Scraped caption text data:
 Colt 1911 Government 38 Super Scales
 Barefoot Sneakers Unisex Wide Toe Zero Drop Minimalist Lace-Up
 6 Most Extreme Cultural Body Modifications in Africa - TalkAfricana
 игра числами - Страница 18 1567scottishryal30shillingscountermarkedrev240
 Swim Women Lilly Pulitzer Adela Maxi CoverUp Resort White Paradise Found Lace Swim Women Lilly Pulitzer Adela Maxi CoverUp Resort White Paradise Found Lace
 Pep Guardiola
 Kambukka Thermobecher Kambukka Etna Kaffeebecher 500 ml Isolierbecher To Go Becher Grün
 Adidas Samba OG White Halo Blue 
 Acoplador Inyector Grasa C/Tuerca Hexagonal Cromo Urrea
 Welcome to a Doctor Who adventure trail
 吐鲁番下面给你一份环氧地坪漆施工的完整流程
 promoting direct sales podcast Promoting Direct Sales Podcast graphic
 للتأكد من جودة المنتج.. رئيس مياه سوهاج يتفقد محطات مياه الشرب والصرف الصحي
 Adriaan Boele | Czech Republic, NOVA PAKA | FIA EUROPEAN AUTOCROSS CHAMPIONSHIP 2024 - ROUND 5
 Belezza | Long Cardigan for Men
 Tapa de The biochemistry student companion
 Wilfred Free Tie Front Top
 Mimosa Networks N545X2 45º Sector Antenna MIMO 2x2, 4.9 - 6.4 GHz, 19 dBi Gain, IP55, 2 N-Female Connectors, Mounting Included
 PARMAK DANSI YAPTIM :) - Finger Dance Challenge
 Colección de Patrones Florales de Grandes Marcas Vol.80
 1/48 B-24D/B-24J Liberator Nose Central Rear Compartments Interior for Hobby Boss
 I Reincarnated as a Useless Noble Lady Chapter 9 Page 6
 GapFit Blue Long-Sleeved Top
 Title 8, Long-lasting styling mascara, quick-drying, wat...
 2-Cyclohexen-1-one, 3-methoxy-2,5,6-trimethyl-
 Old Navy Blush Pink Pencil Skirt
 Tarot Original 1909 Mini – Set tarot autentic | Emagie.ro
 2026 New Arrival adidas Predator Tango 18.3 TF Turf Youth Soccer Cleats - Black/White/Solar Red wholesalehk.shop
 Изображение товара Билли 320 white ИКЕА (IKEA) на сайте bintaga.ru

◆ **PROBLEM DESCRIPTION**
Every line above from the line with "Acoplador Inyector Grasa" to the line with "Wilfred Free Tie Front Top", inclusive, must be returned exactly; no other line belongs in the reply.

◆ **FINISHED TASK**
 Acoplador Inyector Grasa C/Tuerca Hexagonal Cromo Urrea
 Welcome to a Doctor Who adventure trail
 吐鲁番下面给你一份环氧地坪漆施工的完整流程
 promoting direct sales podcast Promoting Direct Sales Podcast graphic
 للتأكد من جودة المنتج.. رئيس مياه سوهاج يتفقد محطات مياه الشرب والصرف الصحي
 Adriaan Boele | Czech Republic, NOVA PAKA | FIA EUROPEAN AUTOCROSS CHAMPIONSHIP 2024 - ROUND 5
 Belezza | Long Cardigan for Men
 Tapa de The biochemistry student companion
 Wilfred Free Tie Front Top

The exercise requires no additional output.